For this exercise, retype the lines from the one that holds "1801 W Route" through the one that holds "Nổi Bật Phân" in the records below, both included, exactly and without pictures.

**Records provided:**
--------------------

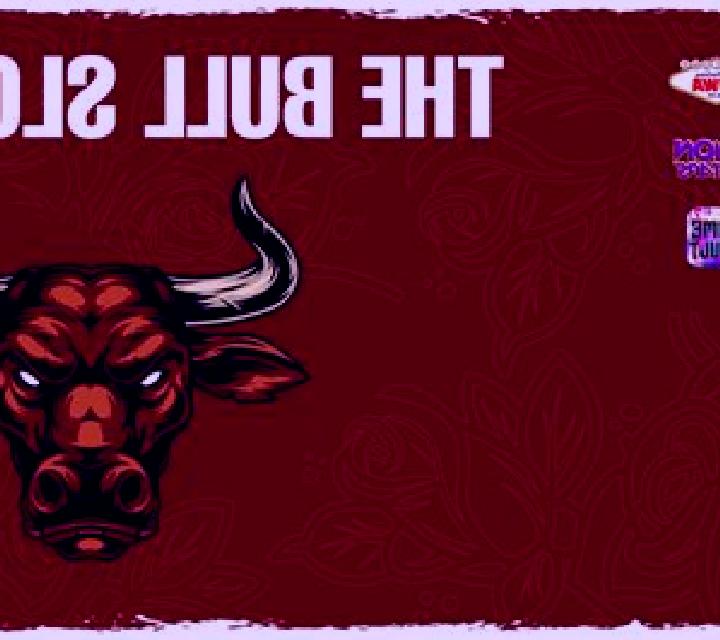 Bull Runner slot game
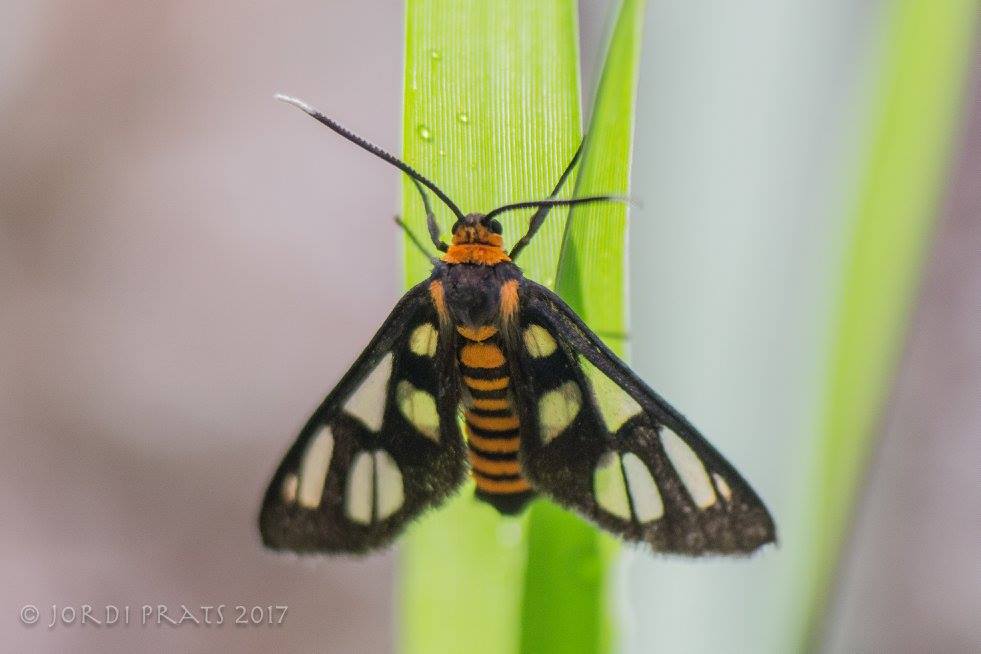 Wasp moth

--------------------

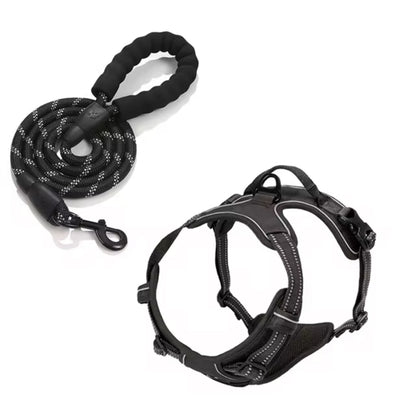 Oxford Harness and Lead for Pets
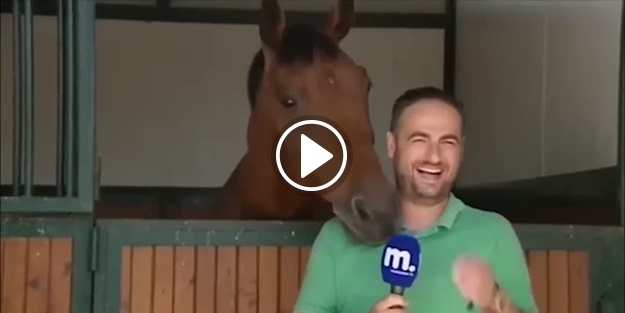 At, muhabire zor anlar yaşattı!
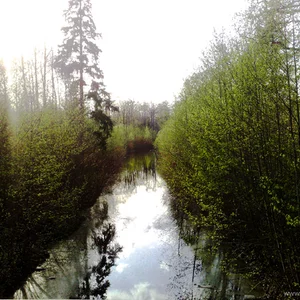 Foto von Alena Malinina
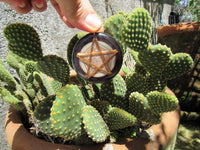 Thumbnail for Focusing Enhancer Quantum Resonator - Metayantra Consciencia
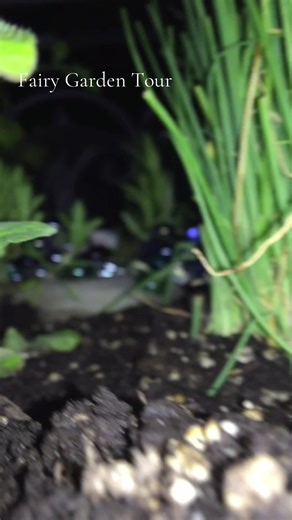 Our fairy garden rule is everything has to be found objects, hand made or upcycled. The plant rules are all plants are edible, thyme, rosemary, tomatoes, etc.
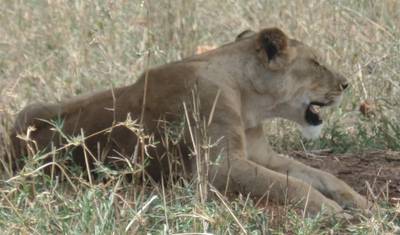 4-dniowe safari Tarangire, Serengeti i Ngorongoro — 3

--------------------

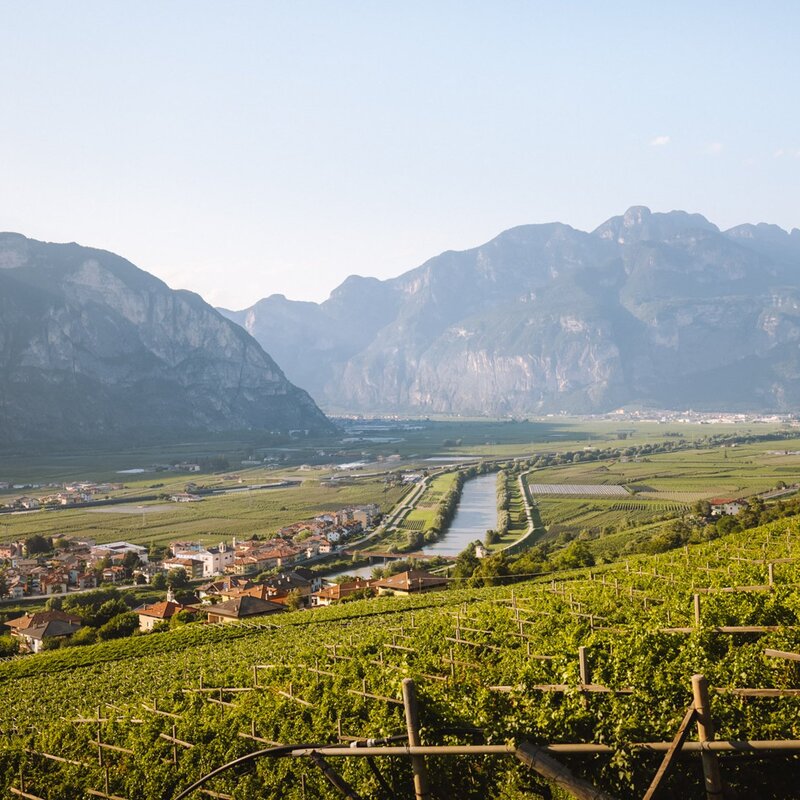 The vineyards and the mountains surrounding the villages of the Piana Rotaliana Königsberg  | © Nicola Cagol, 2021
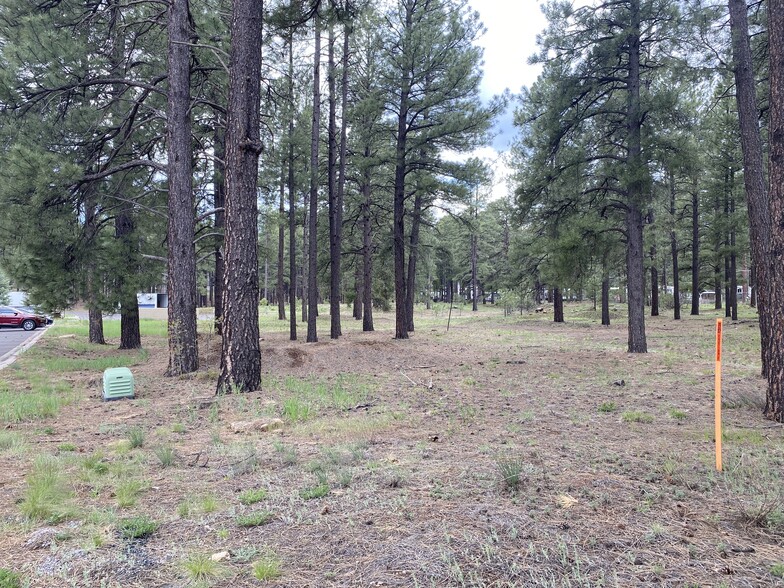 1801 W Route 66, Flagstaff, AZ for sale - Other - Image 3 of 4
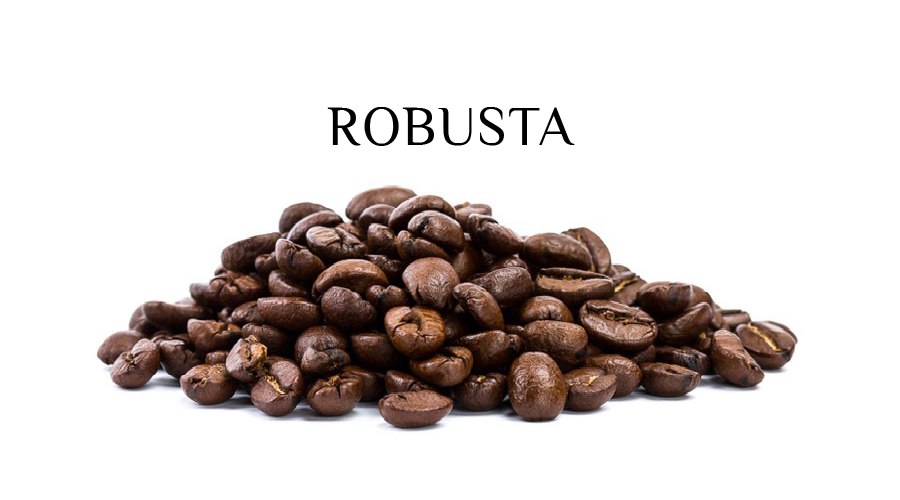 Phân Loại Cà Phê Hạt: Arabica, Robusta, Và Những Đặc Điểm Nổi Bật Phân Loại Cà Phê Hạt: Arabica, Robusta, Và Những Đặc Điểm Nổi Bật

--------------------

**Answer box:**
 1801 W Route 66, Flagstaff, AZ for sale - Other - Image 3 of 4
 Phân Loại Cà Phê Hạt: Arabica, Robusta, Và Những Đặc Điểm Nổi Bật Phân Loại Cà Phê Hạt: Arabica, Robusta, Và Những Đặc Điểm Nổi Bật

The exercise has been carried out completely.